Feb 14, 2010 08:59
Last night, at Near Fatal Injury Park (our pet name for Cat Hollow Park because of an unfortunate merry-go-round incident) Josh and I both let go the contents of the bottles Rand sent us. There was quite an assembly of people who loved Mike. All of us managed to get on the merry-go-round and ride until we all felt sick, then played on the swings, Sandy and Cici snapping pictures throughout, and then it was time.
Josh elected to climb the big tree to let his go, so I couldn't see his face, but most of the girls there were crying and taking pictures at the same time when I emptied the contents out next to the merry-go-round. I wasn't. Not because I'm hugely tough or anything, but because the ashes didn't signify anything for me.
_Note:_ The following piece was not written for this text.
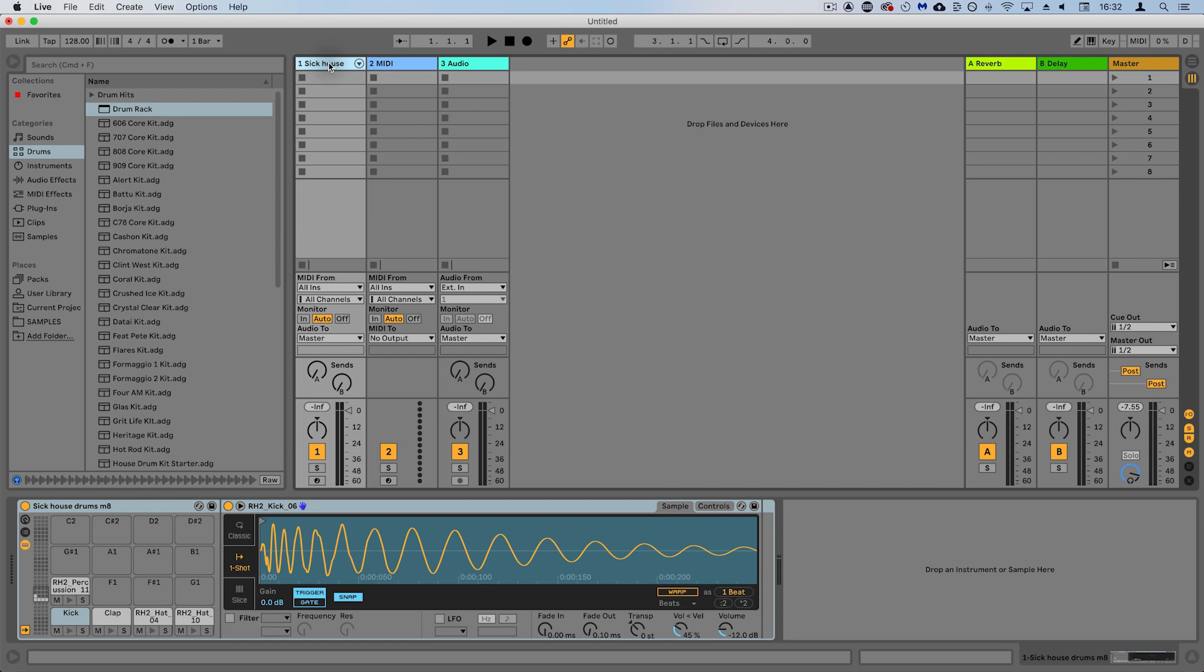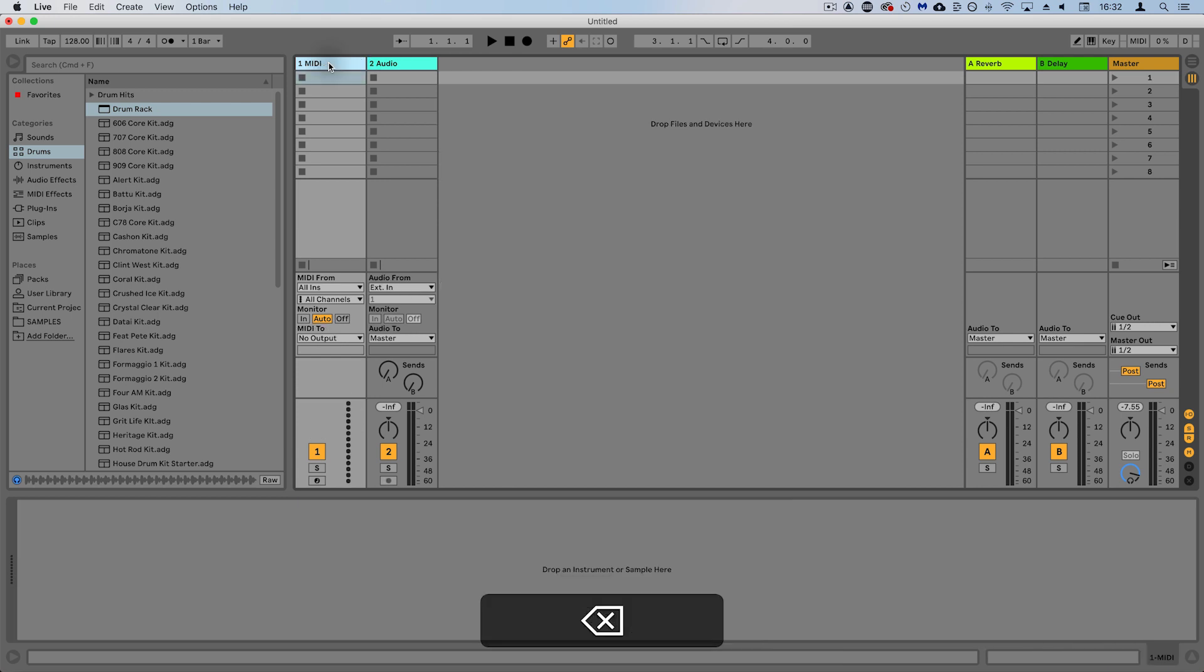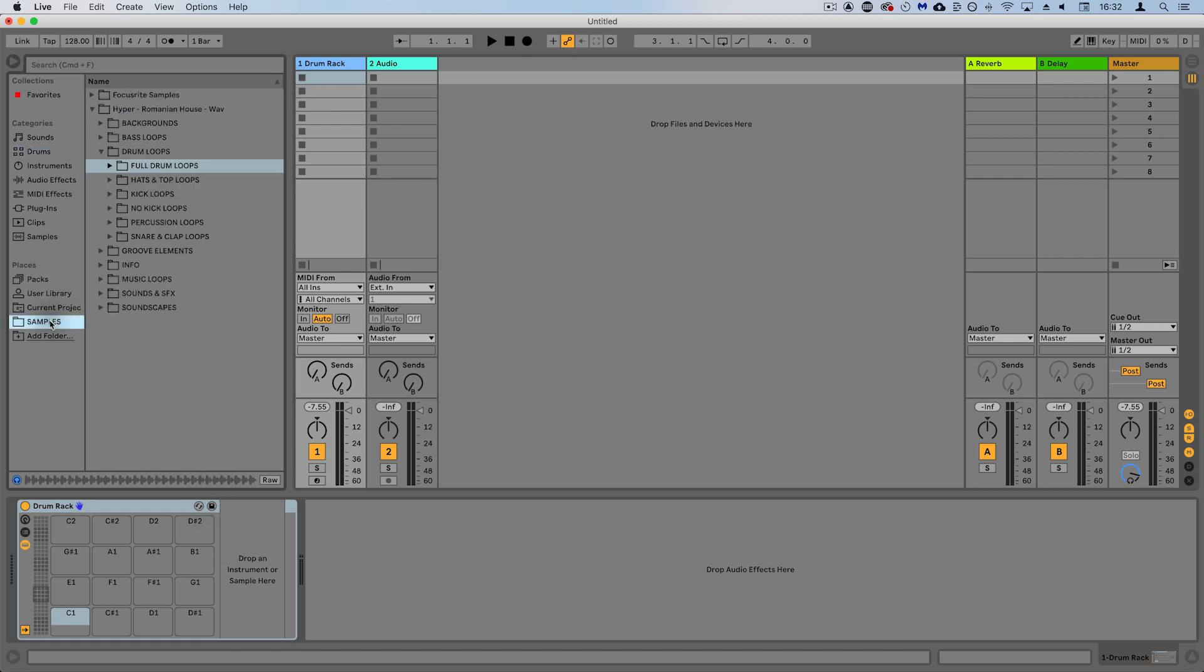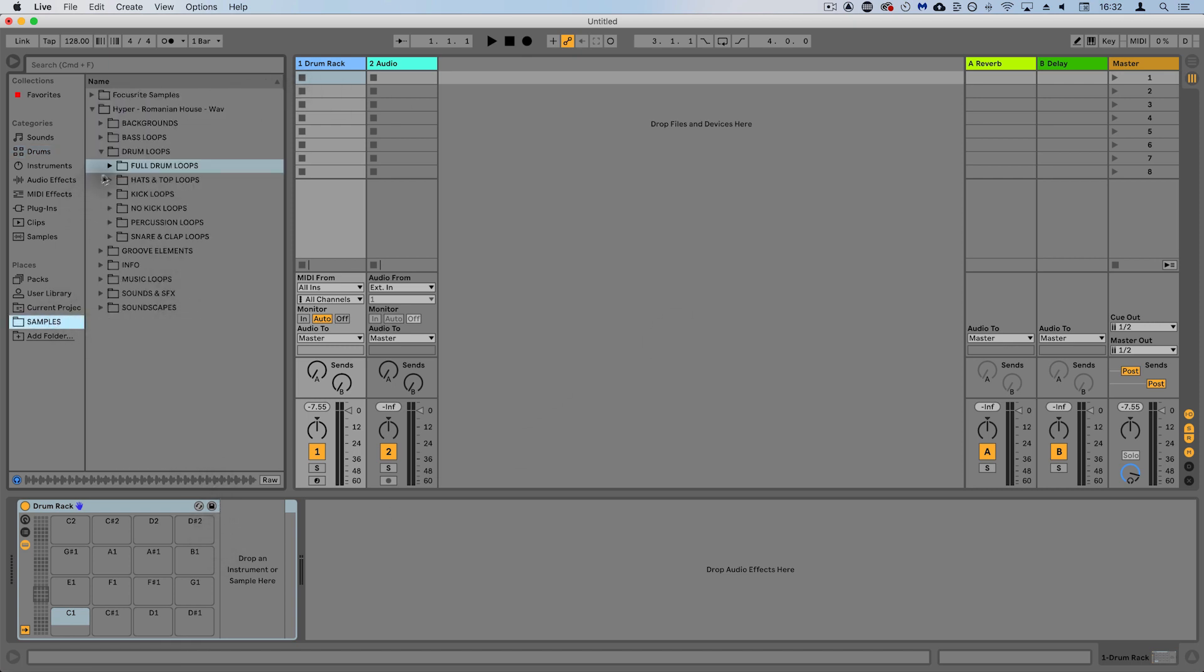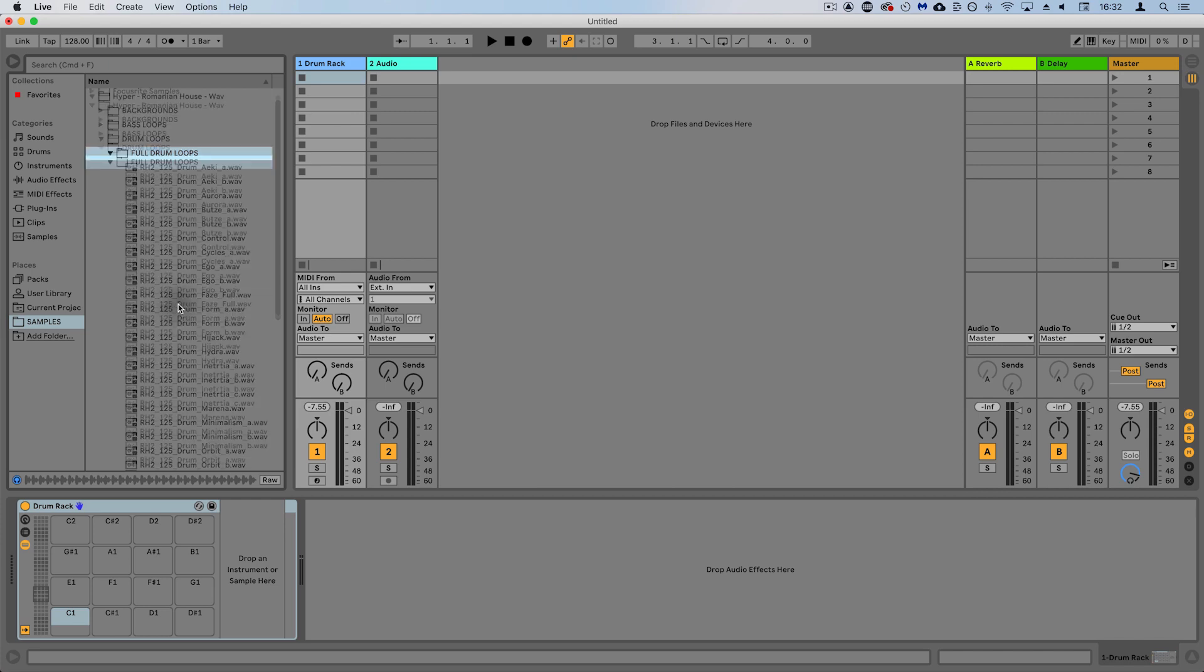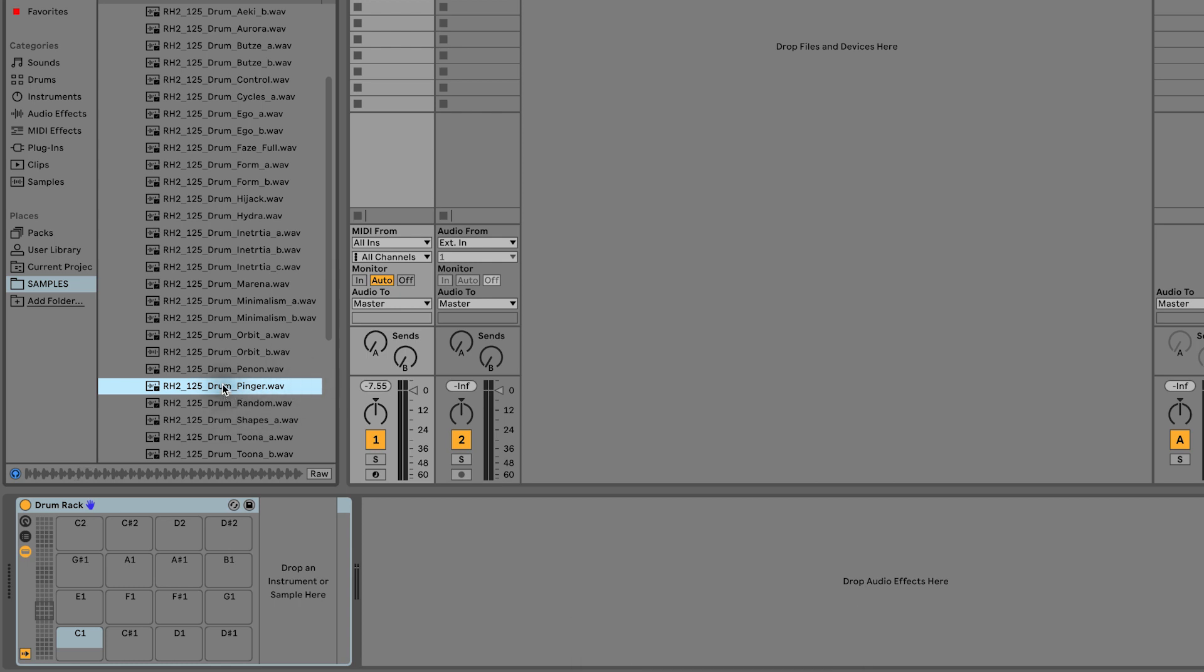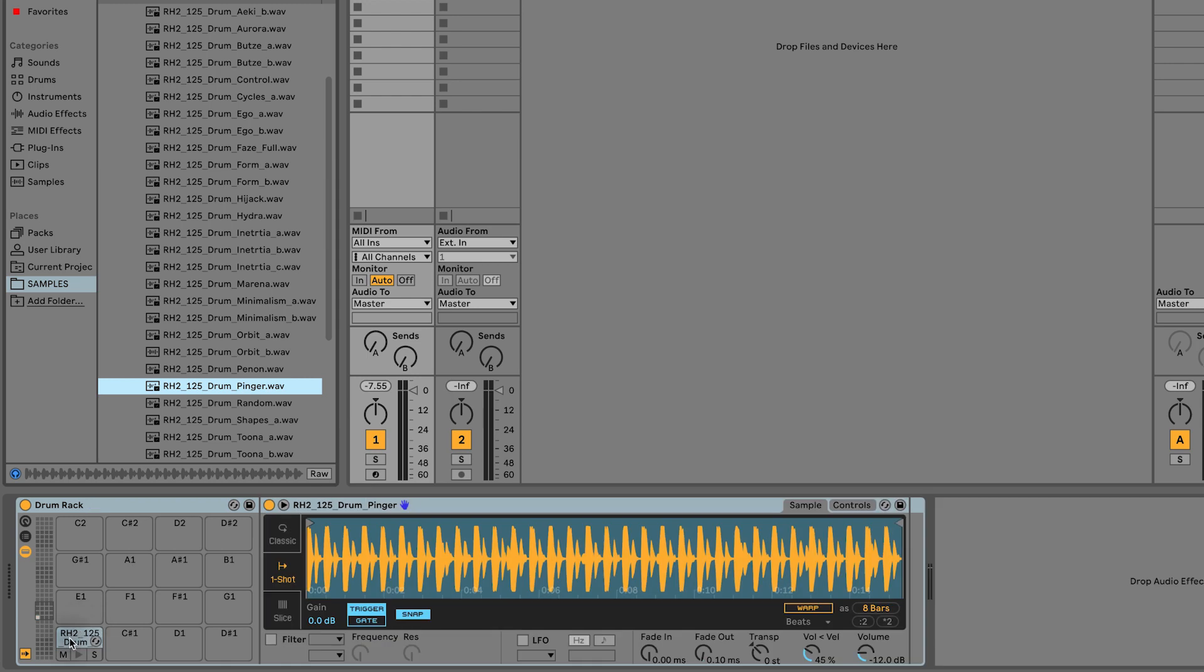Okay, so now let's look at how we can take a loop and take the individual elements from it to make our own drum patterns. I'm just going to start with an empty drum rack here and I'm going to come into samples. I'm going to take a full drum loop and let's find one.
The only reason I wanted to scatter them was because I couldn't think of a less-disrespectful way to be rid of them. And I needed to be rid of them. They were creepy and gross.
Again, please don't mistake me for desensitized. I was listening to Frightened Rabbit, doing the dishes, crying into the sink not five minutes ago because
a)"Head Rolls Off" is about a young man accepting his death,
b)Mike would have freaking loved the band and
c)there is just so much I won't get to share with him.
The ashes, for me, just didn't mean anything. His glasses, on the alter at his funeral next to his Wizard-of-Oz snow-globes, that meant something. That broke me down as soon as I walked into the church. There was something of who he was in that. In that, there was the twitch of his cheek as he hands-free-adjusted the black plastic frames on his face before taking a photo or because one hand had a Dr Pepper and the other had a cigarette or just because he was too damn lazy. There was him skipping down the hall singing "We're Off to See the Wizard" on the way to photo class or humming the Wicked Witch of the West's theme when Marge pulled up in the driveway at night or screeching "I'll get you, my pretty" across the high school cafeteria after Melissafent. But the ashes were just part of a container for one of the most beautiful, fucked-up, ego-maniacal, brilliant souls the world could have handled. It's the man inside the container that I miss. If anything, those ashes should have gone to Lynn, to where that body came from, to the person who carried it inside her own. There was just no way I could have sent her something so cruel and cold as part of that burned-up flesh, so I chose to take him to the park, instead.